Después de seis décadas surcando los cielos como azafata, Nash mantiene un estilo impecable, una energía increíble y una sonrisa constante. Perdió solo una cosa: el anonimato.

Kendra Taylor, una pasajera, está exultante tras tomarse una selfi con la octogenaria: “Cuando la vi, pensé, Dios, ella es la que vi en la televisión la semana pasada”.

Nash, de traje oscuro con una colorida bufanda, el pelo recogido en un moño, se presta para los cumplidos. Es la estrella indiscutible del avión, no el capitán, Mike Margiotta, que sale de la cabina.

“Muy profesional”, dice de la azafata. “Tiene ese toque de la vieja escuela, que recuerda los buenos viejos tiempos”.

En Estados Unidos, los pilotos deben retirarse a los 65 años, pero no los auxiliares de vuelo comerciales, de los cuales Nash es presumiblemente la decana mundial.

Al verla trotando de arriba a abajo por los pasillos de la terminal aérea, arrastrando su maleta, es difícil no dejarse llevar por las palabras de admiración que se escuchan sobre ella.

“Me levanto a las 02:10. Tengo dos despertadores y, cuando suenan, ¡no me quedo en la cama!”, asegura.

En su casa en Virginia, muy cerca de la capital estadounidense, prepara comida para su único hijo, con discapacidad, que la estará esperando a su regreso a tierra firme.

Toda arreglada y tras desayunar “un par de huevos”, llega antes del amanecer al Aeropuerto Nacional Ronald Reagan.
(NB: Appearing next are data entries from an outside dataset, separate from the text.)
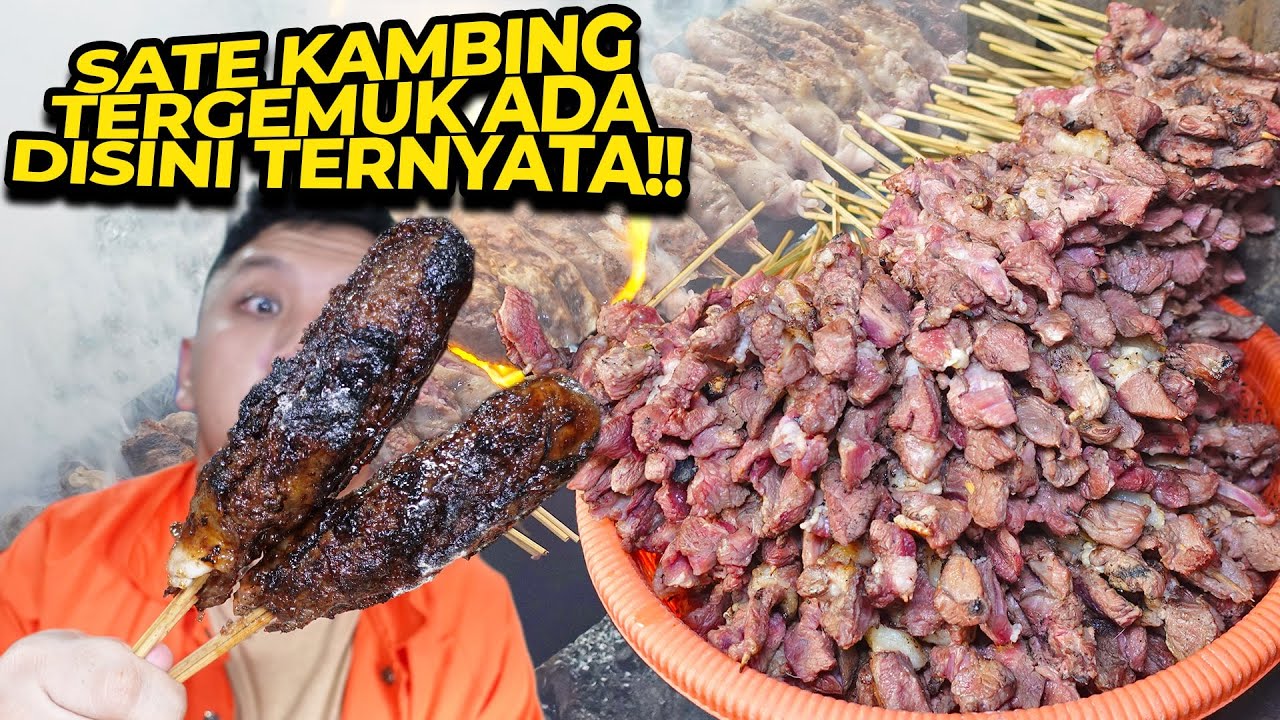 SATE KAMBING GEMUK BANGET SUPER PUAS DI SOLO!!!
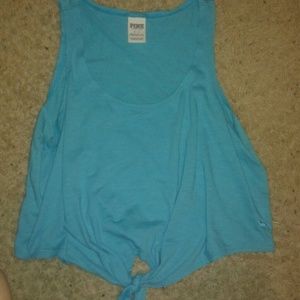 Pink tank top/cropped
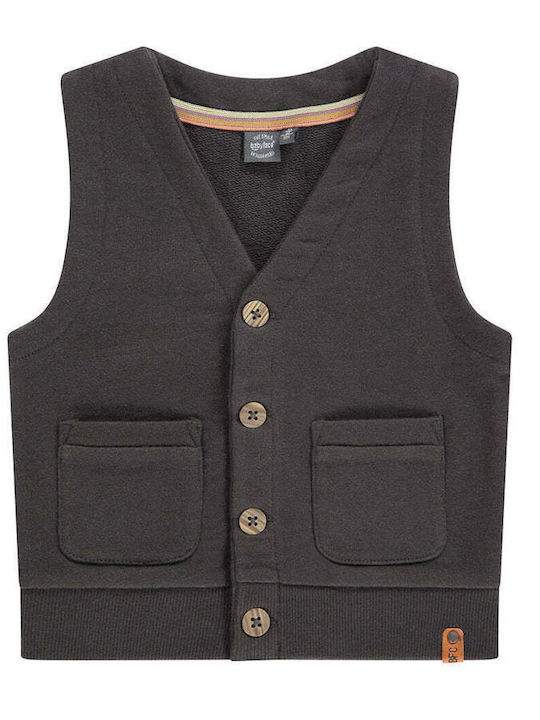 Babyface Kids Vest Cotton Gray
Su vuelo favorito es el “Washington-Boston-Washington”, que puede elegir debido a su notable antigüedad.

Tenía 21 años, bajo la presidencia de Dwight Eisenhower, cuando la hoy desaparecida aerolínea Eastern Air Lines la reclutó como ‘azafata’, un término que en inglés se ha vuelto obsoleto ante el de “asistente de vuelo”.

Cuando comenzó a volar, el transporte aéreo era una prerrogativa de la élite. “Había muchos empresarios y las mujeres entraban con sus abrigos de piel, sus joyas, sus sombreros; no veíamos las chanclas y las zapatillas deportivas de hoy”, cuenta.

Sus propios uniformes variaron a través de los años: fueron conservadores, elegantes e incluso “salvajes”.